Nice...they don't wear those on the pitch do they...almost like Hull City's 1990's experiment with tiger striped kits...ugh










Except I think that *wasn't* done to offend their rivals...



Lagavulin16 said:


> Congratulations. My first son was born on July 14th and when he is age appropriate I will be getting him matching trunks. I have four nephews under the age of 9 and since they have learned to appreciate water I have bought them matching trunks. I enjoy seeing them in matching swim suits and being away from them for a majority of the year, I like to think that they are four bonded boys, with their me, their uncle. When my son is of age, I hope to get five matching pairs.

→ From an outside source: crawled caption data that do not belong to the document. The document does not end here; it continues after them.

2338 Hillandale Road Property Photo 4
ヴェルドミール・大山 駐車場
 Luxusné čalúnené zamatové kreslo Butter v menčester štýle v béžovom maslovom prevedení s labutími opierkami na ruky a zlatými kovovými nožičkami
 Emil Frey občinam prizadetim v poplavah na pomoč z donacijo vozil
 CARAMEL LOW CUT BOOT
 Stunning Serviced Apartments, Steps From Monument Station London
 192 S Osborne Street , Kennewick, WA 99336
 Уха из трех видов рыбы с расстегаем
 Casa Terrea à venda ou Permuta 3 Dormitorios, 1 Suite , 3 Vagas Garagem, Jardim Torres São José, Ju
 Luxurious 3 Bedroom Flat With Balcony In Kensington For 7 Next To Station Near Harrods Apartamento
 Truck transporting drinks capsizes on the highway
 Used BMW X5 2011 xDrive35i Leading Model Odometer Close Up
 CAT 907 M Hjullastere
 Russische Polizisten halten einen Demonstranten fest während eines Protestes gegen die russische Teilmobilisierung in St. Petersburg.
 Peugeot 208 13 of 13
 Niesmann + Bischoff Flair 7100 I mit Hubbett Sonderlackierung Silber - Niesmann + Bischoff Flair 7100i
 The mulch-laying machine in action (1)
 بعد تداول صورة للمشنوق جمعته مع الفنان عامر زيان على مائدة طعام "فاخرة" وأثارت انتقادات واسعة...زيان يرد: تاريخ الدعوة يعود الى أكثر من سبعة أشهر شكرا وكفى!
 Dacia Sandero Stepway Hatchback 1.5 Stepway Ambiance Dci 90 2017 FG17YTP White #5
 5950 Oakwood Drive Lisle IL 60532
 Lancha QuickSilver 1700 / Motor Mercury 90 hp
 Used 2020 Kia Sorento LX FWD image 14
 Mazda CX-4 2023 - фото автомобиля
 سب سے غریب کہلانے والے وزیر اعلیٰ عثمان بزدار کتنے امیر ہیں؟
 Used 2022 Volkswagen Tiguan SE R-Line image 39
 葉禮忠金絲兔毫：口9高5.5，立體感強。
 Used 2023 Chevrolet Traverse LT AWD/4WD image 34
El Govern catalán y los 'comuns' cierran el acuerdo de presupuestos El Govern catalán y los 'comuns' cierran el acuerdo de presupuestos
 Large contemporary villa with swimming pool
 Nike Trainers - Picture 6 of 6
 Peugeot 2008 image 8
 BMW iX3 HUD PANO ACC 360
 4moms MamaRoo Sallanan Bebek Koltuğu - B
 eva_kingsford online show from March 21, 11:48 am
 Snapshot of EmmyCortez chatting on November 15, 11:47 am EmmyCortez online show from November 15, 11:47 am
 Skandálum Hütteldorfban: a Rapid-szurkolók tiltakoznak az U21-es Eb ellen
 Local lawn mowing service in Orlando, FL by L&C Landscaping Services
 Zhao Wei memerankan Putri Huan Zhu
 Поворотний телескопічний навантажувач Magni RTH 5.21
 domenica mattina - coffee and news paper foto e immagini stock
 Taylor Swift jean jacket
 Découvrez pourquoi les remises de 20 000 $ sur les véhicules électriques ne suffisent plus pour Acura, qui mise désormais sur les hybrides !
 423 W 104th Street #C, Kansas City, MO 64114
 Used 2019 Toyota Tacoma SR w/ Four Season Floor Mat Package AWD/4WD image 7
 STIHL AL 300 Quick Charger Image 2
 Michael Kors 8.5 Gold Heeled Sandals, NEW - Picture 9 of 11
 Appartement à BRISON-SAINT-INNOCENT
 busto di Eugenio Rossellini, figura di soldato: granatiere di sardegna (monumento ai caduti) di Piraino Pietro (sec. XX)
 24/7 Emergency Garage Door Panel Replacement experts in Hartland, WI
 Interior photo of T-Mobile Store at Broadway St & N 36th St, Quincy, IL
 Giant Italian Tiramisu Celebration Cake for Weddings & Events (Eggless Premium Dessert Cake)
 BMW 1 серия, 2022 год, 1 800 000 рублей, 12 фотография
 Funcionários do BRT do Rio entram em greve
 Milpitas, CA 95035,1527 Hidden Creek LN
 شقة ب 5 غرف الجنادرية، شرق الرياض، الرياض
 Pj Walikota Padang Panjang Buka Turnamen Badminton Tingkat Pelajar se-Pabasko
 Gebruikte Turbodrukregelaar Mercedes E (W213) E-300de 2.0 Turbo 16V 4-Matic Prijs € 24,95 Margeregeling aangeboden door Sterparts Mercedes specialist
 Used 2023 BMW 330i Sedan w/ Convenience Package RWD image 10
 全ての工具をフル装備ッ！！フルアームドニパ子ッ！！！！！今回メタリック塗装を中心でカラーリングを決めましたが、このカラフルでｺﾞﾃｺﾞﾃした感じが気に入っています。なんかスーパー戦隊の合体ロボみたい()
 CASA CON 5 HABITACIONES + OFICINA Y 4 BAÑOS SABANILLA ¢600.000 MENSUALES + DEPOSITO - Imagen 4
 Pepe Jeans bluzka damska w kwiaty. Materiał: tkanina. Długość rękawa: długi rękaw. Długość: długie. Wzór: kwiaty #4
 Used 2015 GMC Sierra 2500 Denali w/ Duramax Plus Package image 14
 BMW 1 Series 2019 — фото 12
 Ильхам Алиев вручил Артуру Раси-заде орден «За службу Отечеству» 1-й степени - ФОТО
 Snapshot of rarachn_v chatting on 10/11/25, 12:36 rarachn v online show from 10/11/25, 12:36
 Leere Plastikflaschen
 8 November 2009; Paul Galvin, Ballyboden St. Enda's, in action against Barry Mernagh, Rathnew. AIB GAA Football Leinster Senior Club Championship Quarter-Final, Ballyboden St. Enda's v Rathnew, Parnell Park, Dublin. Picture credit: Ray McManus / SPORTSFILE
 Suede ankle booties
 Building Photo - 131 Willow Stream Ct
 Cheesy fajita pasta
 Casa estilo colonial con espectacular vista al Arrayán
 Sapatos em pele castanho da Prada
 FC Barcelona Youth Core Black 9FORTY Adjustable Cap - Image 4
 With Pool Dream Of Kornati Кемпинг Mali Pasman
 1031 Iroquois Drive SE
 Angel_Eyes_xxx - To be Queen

Thats one thing I very much look fwd to doing when my son grows up...sharing a passion for nice clothing!



Leon said:


> Congratulations!
> 
> In fact mine have white turtles on pink.
> 
> ...


I have a couple of AuquaRossa suits that are similar to the Vilebrequin, but were $20 each. I like them a lot. I also have my Etro suit (see WAYWT post) that I got for $40. I just wanted to see what all the fuss was about. I guess some things are just so pricey because the companies know that the clientel who buys them will pay extraordinarily for them. Kind of like that Bling H2O for $100 a bottle you see in LA.


----------



## VC2000 (Feb 10, 2006)

Has anybody been to the Vilebrequin outlet at Sawgrass? Trying to decide if it is worth a drive out? How much of a discount and selection do they have?

Thanks in advance.


----------



## Tomasso (Aug 17, 2005)

VC2000 said:


> Has anybody been to the Vilebrequin outlet at Sawgrass? Trying to decide if it is worth a drive out? How much of a discount and selection do they have


It's like half price for ugly patterns and odd sizes. You'd be better off going to the seasonal sales at their Bal Harbor store; same prices but much better selection.


----------